Work instruction :: From the first line to the last, output the entries exactly.

Records for the exercise ::
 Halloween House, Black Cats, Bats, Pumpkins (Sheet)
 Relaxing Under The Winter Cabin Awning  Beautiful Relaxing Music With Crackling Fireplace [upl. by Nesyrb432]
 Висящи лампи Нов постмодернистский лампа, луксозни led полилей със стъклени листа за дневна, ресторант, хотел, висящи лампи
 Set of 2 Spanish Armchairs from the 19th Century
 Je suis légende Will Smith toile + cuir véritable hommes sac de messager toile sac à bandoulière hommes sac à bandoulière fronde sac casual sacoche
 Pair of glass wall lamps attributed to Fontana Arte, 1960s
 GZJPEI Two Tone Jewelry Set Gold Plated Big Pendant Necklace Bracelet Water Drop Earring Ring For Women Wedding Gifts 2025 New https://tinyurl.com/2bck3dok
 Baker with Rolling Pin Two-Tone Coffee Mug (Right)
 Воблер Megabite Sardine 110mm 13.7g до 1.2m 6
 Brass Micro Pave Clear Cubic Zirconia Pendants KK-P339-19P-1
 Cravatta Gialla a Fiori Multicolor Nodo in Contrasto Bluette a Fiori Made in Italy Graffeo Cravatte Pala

Result ::
 Halloween House, Black Cats, Bats, Pumpkins (Sheet)
 Relaxing Under The Winter Cabin Awning  Beautiful Relaxing Music With Crackling Fireplace [upl. by Nesyrb432]
 Висящи лампи Нов постмодернистский лампа, луксозни led полилей със стъклени листа за дневна, ресторант, хотел, висящи лампи
 Set of 2 Spanish Armchairs from the 19th Century
 Je suis légende Will Smith toile + cuir véritable hommes sac de messager toile sac à bandoulière hommes sac à bandoulière fronde sac casual sacoche
 Pair of glass wall lamps attributed to Fontana Arte, 1960s
 GZJPEI Two Tone Jewelry Set Gold Plated Big Pendant Necklace Bracelet Water Drop Earring Ring For Women Wedding Gifts 2025 New https://tinyurl.com/2bck3dok
 Baker with Rolling Pin Two-Tone Coffee Mug (Right)
 Воблер Megabite Sardine 110mm 13.7g до 1.2m 6
 Brass Micro Pave Clear Cubic Zirconia Pendants KK-P339-19P-1
 Cravatta Gialla a Fiori Multicolor Nodo in Contrasto Bluette a Fiori Made in Italy Graffeo Cravatte Pala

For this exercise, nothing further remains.